Material for the task:

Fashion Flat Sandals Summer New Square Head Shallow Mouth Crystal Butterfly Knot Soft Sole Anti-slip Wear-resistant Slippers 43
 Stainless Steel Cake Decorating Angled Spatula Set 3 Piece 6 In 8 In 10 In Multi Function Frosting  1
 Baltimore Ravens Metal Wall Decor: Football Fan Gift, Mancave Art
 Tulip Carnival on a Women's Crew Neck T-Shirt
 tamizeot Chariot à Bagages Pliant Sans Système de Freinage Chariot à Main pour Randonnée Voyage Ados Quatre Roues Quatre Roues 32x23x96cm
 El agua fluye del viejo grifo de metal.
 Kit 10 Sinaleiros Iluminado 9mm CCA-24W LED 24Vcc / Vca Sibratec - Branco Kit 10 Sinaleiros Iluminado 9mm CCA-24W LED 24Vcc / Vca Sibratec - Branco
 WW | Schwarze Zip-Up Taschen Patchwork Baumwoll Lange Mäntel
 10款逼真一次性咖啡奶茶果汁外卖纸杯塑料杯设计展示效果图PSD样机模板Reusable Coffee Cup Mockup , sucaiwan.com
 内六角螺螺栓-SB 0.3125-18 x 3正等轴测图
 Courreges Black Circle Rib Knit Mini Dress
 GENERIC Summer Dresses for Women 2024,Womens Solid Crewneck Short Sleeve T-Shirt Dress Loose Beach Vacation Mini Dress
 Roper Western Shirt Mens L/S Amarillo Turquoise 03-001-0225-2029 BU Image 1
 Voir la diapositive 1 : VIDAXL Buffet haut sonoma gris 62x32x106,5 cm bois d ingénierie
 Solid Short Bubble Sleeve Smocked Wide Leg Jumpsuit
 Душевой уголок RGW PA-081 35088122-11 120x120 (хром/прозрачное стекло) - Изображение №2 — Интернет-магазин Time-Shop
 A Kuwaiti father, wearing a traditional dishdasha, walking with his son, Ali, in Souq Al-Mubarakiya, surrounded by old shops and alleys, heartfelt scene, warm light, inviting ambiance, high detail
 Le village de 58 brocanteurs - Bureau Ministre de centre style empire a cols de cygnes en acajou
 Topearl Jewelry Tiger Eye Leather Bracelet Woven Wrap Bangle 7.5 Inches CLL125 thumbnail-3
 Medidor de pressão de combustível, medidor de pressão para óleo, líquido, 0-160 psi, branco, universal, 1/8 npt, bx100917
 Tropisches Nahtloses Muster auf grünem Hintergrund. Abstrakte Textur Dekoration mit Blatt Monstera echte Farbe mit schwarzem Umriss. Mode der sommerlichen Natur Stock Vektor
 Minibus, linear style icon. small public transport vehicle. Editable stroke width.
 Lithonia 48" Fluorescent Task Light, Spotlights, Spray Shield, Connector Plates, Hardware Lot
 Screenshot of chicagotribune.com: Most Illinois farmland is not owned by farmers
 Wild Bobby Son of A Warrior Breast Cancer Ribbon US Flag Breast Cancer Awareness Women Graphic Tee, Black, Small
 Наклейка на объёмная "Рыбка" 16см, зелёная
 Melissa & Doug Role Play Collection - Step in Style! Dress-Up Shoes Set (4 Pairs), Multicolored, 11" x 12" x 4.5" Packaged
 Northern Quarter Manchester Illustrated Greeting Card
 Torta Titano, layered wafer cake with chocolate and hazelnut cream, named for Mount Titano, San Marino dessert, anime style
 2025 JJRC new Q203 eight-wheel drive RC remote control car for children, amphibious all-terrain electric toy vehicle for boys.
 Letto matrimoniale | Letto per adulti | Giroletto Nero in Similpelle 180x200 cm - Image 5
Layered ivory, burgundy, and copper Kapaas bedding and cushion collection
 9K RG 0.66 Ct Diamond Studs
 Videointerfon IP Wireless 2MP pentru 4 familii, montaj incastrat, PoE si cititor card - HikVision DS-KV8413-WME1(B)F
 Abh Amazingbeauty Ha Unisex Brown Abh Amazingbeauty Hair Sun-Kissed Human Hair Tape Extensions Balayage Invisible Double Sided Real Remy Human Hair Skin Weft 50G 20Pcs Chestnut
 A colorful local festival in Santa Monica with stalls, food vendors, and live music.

Task: Reproduce exactly the lines that run from the start of the records to the line with "Душевой уголок RGW", both included.

Solution for this exercise:
Fashion Flat Sandals Summer New Square Head Shallow Mouth Crystal Butterfly Knot Soft Sole Anti-slip Wear-resistant Slippers 43
 Stainless Steel Cake Decorating Angled Spatula Set 3 Piece 6 In 8 In 10 In Multi Function Frosting  1
 Baltimore Ravens Metal Wall Decor: Football Fan Gift, Mancave Art
 Tulip Carnival on a Women's Crew Neck T-Shirt
 tamizeot Chariot à Bagages Pliant Sans Système de Freinage Chariot à Main pour Randonnée Voyage Ados Quatre Roues Quatre Roues 32x23x96cm
 El agua fluye del viejo grifo de metal.
 Kit 10 Sinaleiros Iluminado 9mm CCA-24W LED 24Vcc / Vca Sibratec - Branco Kit 10 Sinaleiros Iluminado 9mm CCA-24W LED 24Vcc / Vca Sibratec - Branco
 WW | Schwarze Zip-Up Taschen Patchwork Baumwoll Lange Mäntel
 10款逼真一次性咖啡奶茶果汁外卖纸杯塑料杯设计展示效果图PSD样机模板Reusable Coffee Cup Mockup , sucaiwan.com
 内六角螺螺栓-SB 0.3125-18 x 3正等轴测图
 Courreges Black Circle Rib Knit Mini Dress
 GENERIC Summer Dresses for Women 2024,Womens Solid Crewneck Short Sleeve T-Shirt Dress Loose Beach Vacation Mini Dress
 Roper Western Shirt Mens L/S Amarillo Turquoise 03-001-0225-2029 BU Image 1
 Voir la diapositive 1 : VIDAXL Buffet haut sonoma gris 62x32x106,5 cm bois d ingénierie
 Solid Short Bubble Sleeve Smocked Wide Leg Jumpsuit
 Душевой уголок RGW PA-081 35088122-11 120x120 (хром/прозрачное стекло) - Изображение №2 — Интернет-магазин Time-Shop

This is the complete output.